Here is my outline for the 2/7/2026 podcast:
The attitudes of the Woman at the Well.
- First exchange: Jesus says: Give me to drink.
- Point: Initiate the conversation with a context-appropriate question. Very few people will outright ignore such a question.
- Woman: How is it that thou, being a Jew, askest drink of me, which am a woman of Samaria? For the Jews have no dealings with the Samaritans.
- Attitude: Haughty, angry, hateful, mean.
- Second Exchange: Jesus says: If thou knewest the gift of God, and who it is that saith to thee, Give me to drink; thou wouldest have asked of him, and he would have given thee living water.
- Point: Sidestepping her hatefulness, and offering something to address her real thrist, the basis of why she is there at noon in the first place.
- Woman: Sir, thou hast nothing to draw with, and the well is deep: from whence then hast thou that living water? Art thou greater than our father Jacob, which gave us the well, and drank thereof himself, and his children, and his cattle?
- Attitude: Disbelief, pride (our father Jacob), ‘you think you can do better?’

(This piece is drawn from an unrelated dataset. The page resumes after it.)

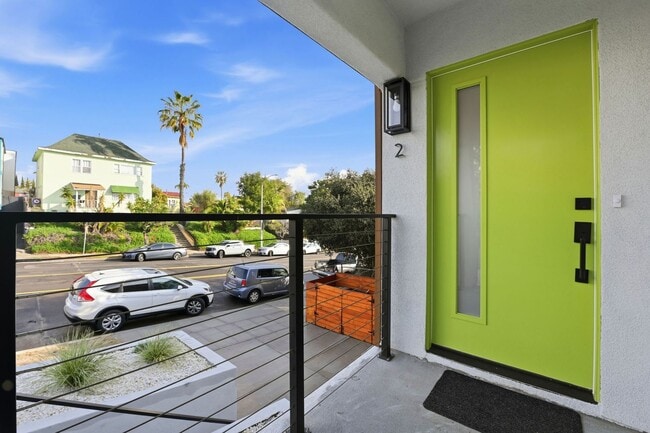 Building Photo - 2735 Broadway-2 Unit 2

- Third exchange: Jesus says: Whosoever drinketh of this water shall thirst again: But whosoever drinketh of the water that I shall give him shall never thirst; but the water that I shall give him shall be in him a well of water springing up into everlasting life.
- Point: Ignoring the prideful jab, the Lord further presses his point, addressing the real thirst in this woman’s life.

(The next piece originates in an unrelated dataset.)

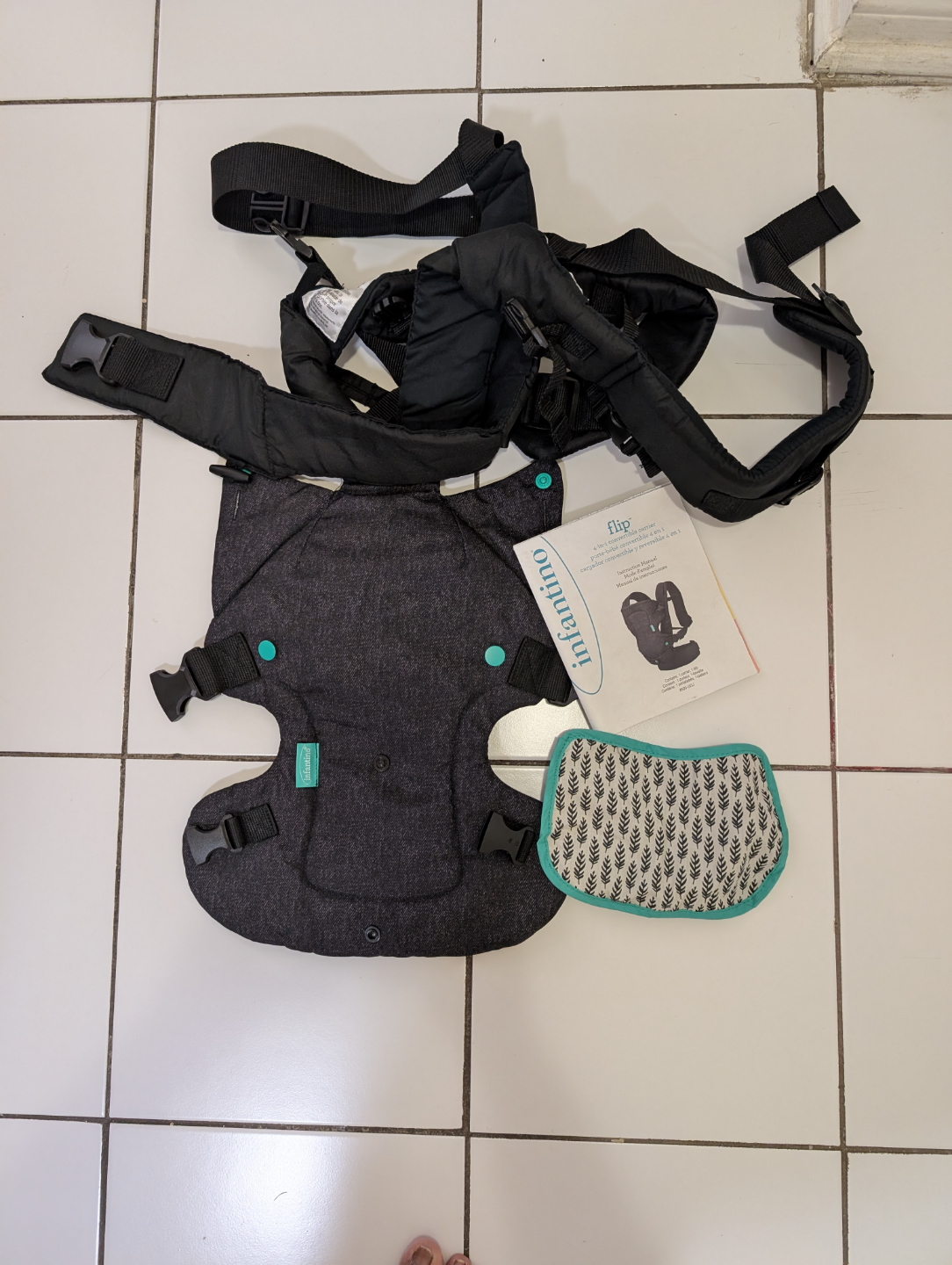 Infantino Flip 4-in-1 Convertible Carrier - photo 2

- Woman: Sir, give me this water, that I thirst not, neither come hither to draw.
- Attitude: Possibly mocking, possibly genuine interest in not ever having to come back to the well in embarrassment.
- Fourth exchange: Jesus says: Go, call thy husband, and come hither.
- Point: The beginning of conviction for her sin.
- Woman: I have no husband.
- Attitude: Perhaps embarrassment, perhaps just despondence. Why did she have no husband? Jesus has pierced the veil to the core issue, her sin. This incomplete answer shows the flesh’s willingness to cover up rather than expose sin.
- Fifth exchange: Jesus says: Thou hast well said, I have no husband: For thou hast had five husbands; and he whom thou now hast is not thy husband: in that saidst thou truly.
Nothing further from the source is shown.